Your assignment:
Look below for the line that contains "Timelapse, Vancouver in" and the line that contains "Green children's pants", then restate both of them and every line in between, exactly. No picture goes in the copy.

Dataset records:
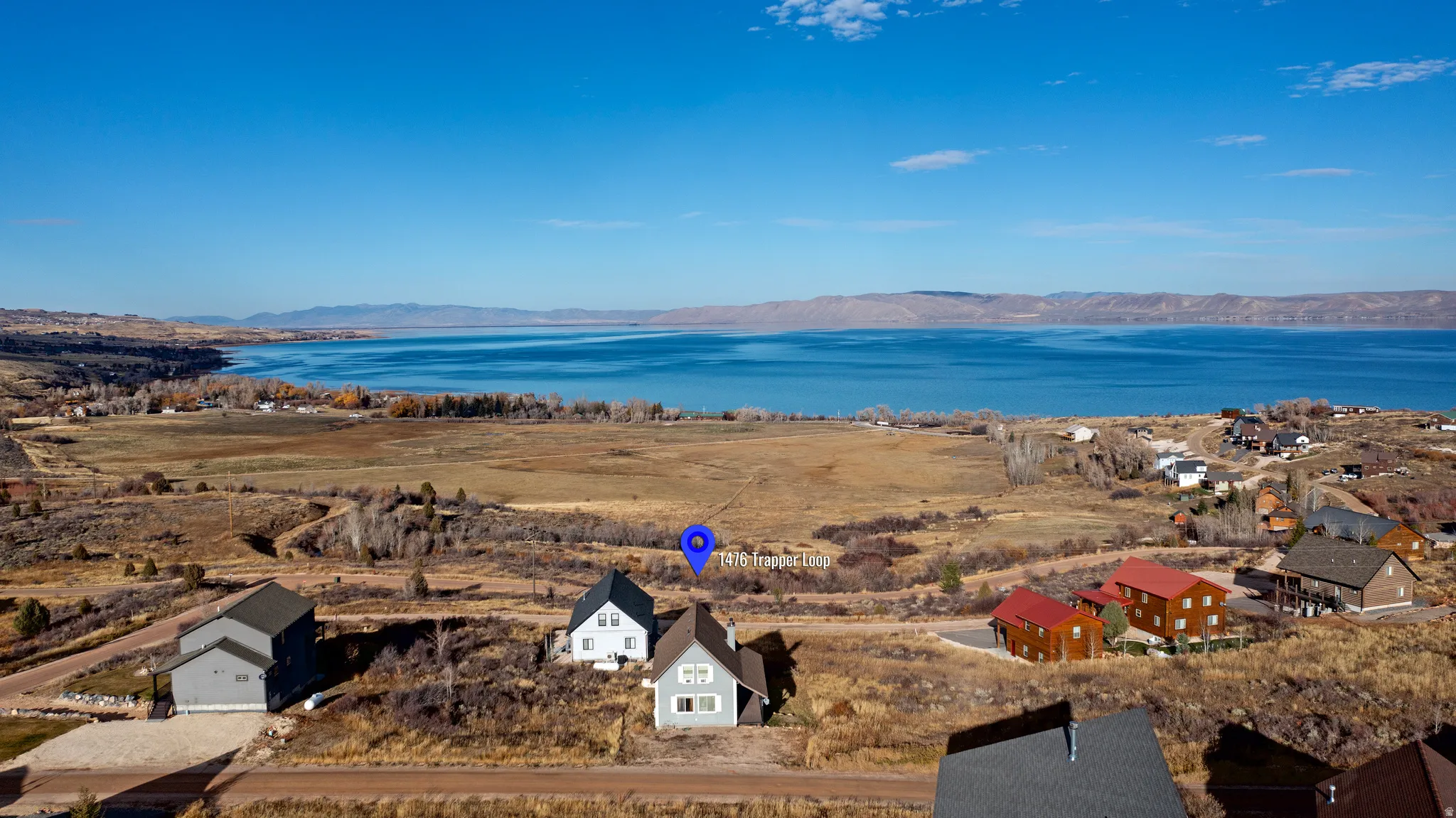 Aerial view of residential area with a water and mountain view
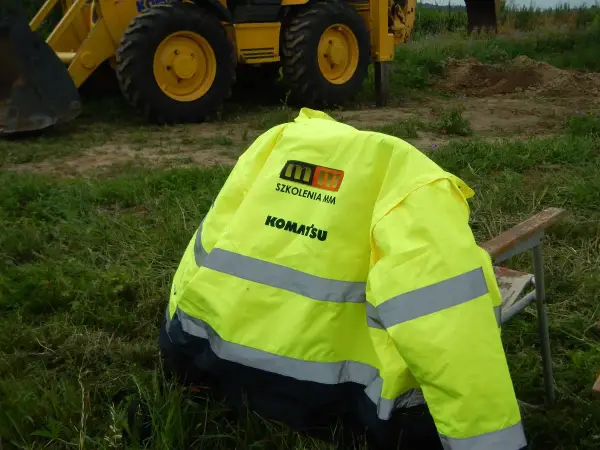Kamizelka z logo Komatsu i napisem "Szkolenia MM" leży na krześle obok koparki. Idealna na testy na koparki jednonaczyniowe.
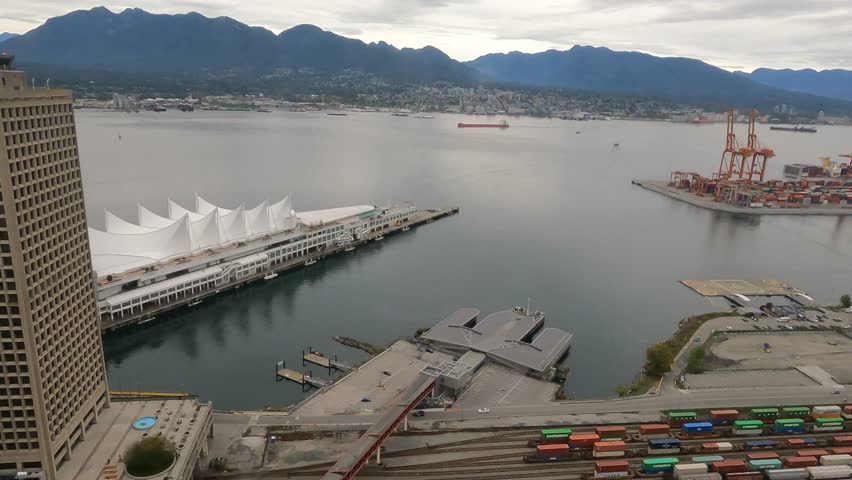 Timelapse, Vancouver in cloudy weather. Ship sails across the strait. Canada Place. View of the mountains. Port cranes. Part 2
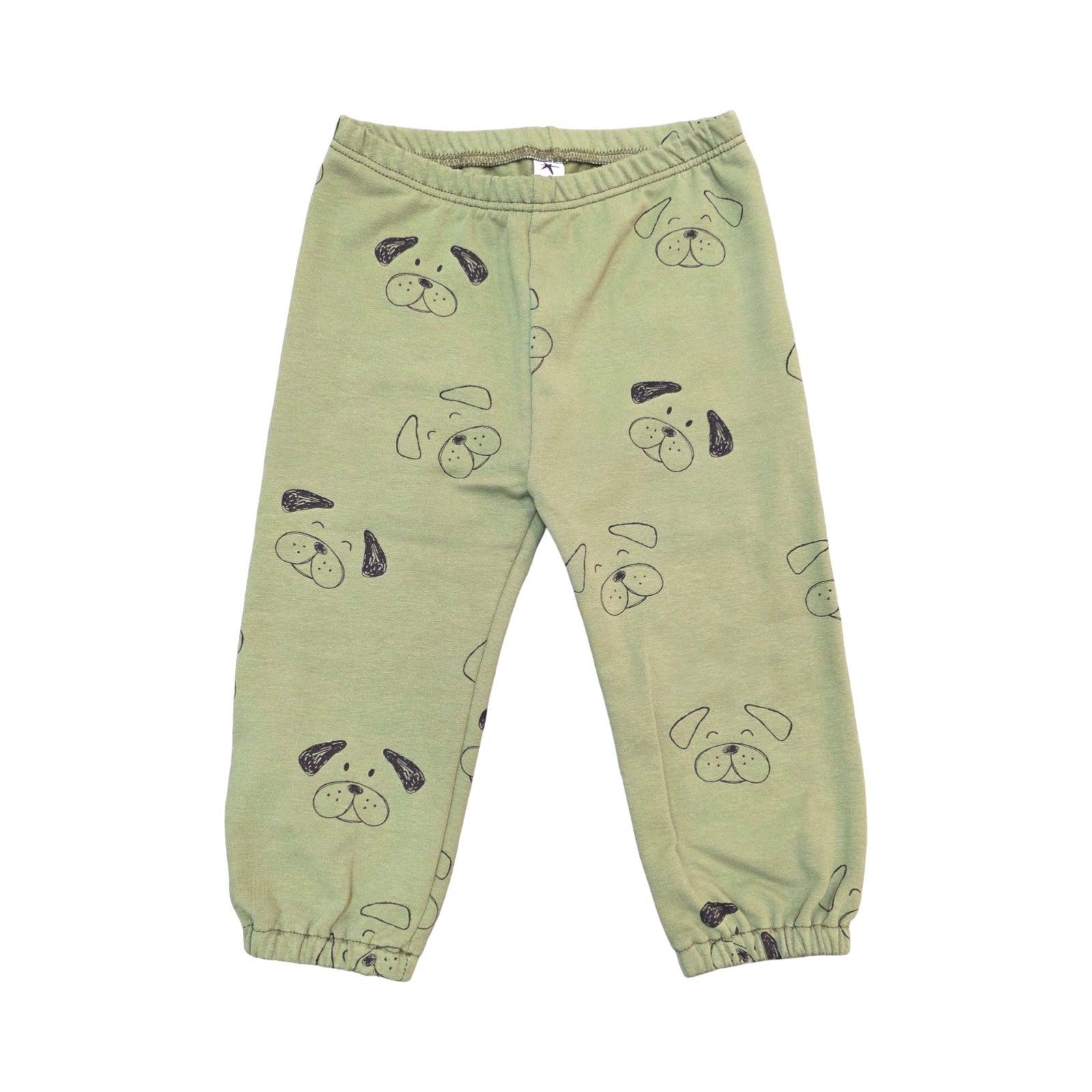 Green children's pants with dog prints on a white background.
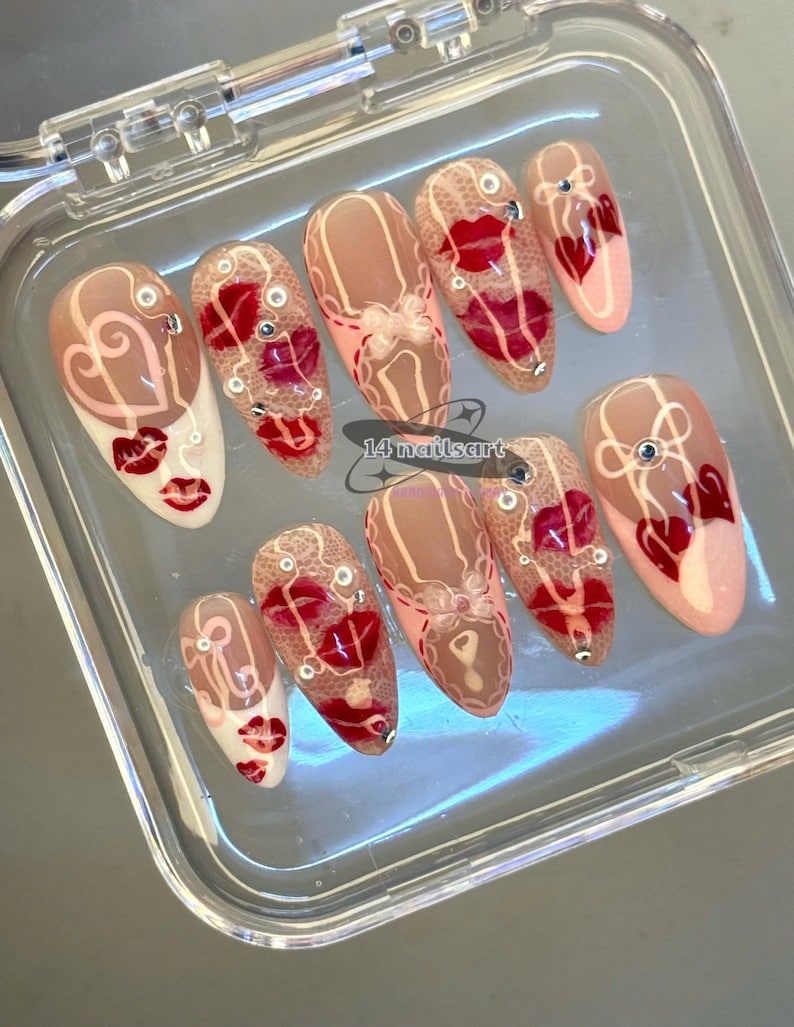 Pode incluir: Um conjunto de unhas posti&ccedil;as em uma caixa de pl&aacute;stico transparente. As unhas apresentam v&aacute;rios designs, incluindo l&aacute;bios vermelhos, cora&ccedil;&otilde;es e padr&otilde;es de renda. Algumas unhas t&ecirc;m uma base nude com detalhes vermelhos, enquanto outras s&atilde;o brancas com detalhes vermelhos. O texto "14 nailsart" &eacute; vis&iacute;vel.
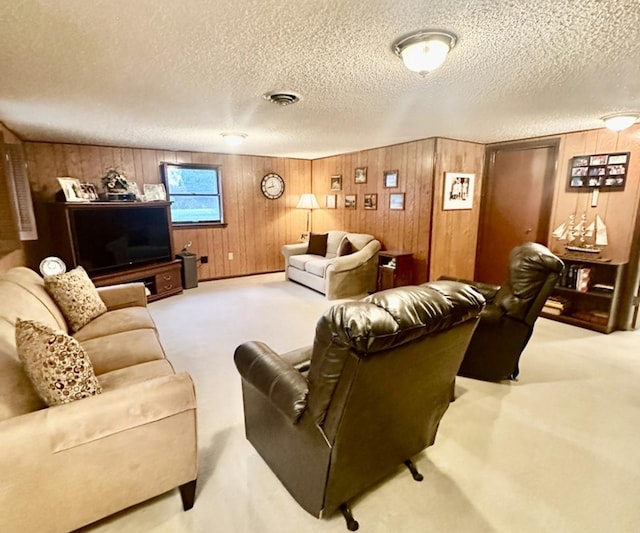 carpeted living room with wood walls and a textured ceiling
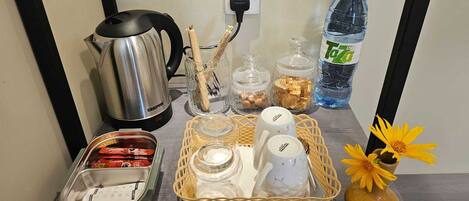 Una encimera de cocina con un hervidor, frascos, una cesta con tazas, una botella de agua y un florero.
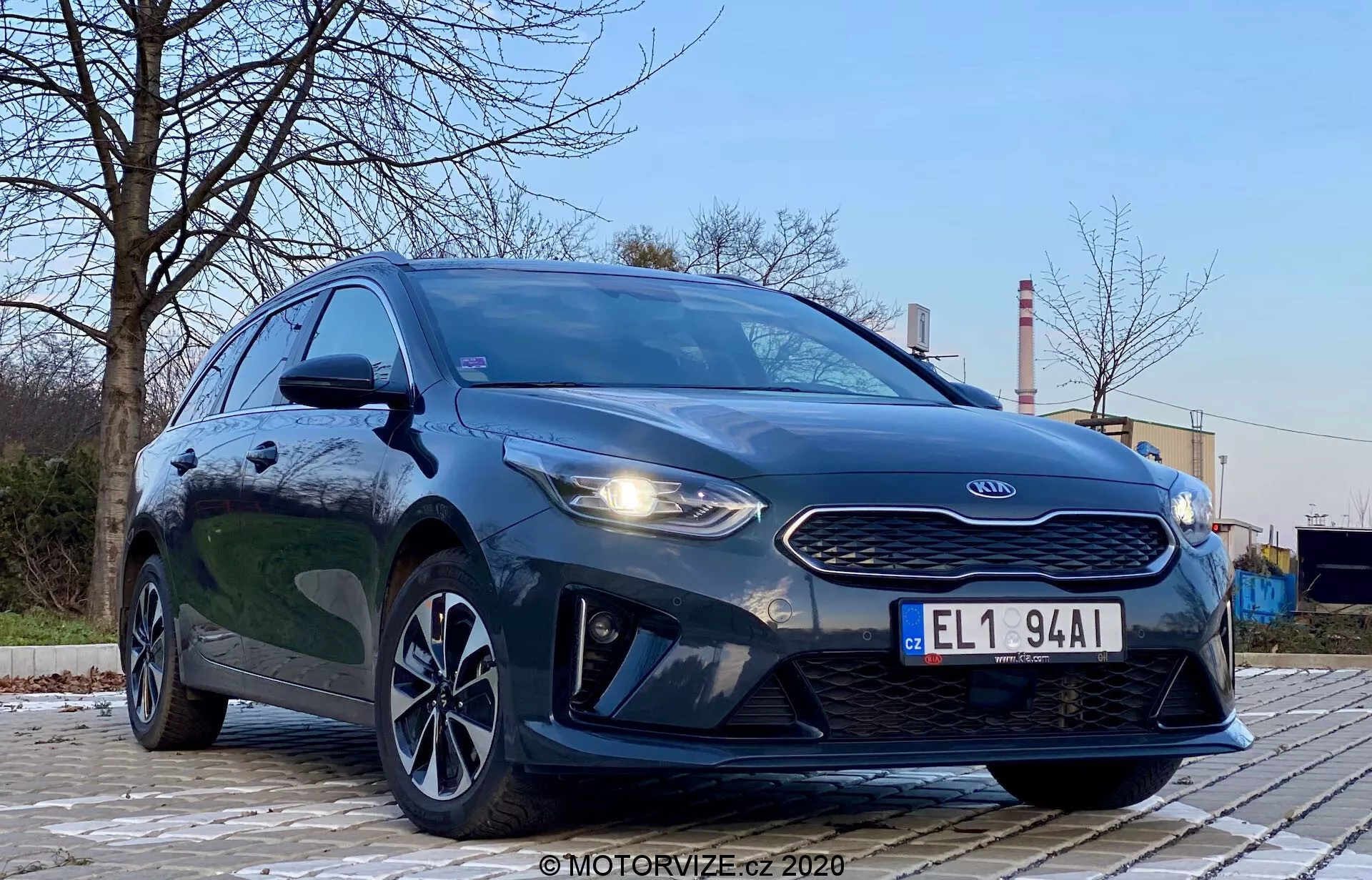 Fotografi av Kia Ceed 2018 tagen från en låg, framåt-vänster vinkel som betonar fordonets grill, strålkastare och främre fasadens design. Bilens aggressiva stil är framhävd av framträdande strålkastare, en tiger-nose grill och huvens konturer. Bilden visar även LED-dagljus, den aerodynamiska främre stötfångaren och stilen på lättmetallfälgarna. Utemiljön med träd och industriella strukturer i bakgrunden ger kontrast. Fordonets mörka, metalliska färg är glansig och väl upplyst, med reflektioner som indikerar en ren yta. Bilden fokuserar på bilen med ett dramatiskt lågvinkelperspektiv under mjuk utomhusbelysning.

Written answer:
 Timelapse, Vancouver in cloudy weather. Ship sails across the strait. Canada Place. View of the mountains. Port cranes. Part 2
 Green children's pants with dog prints on a white background.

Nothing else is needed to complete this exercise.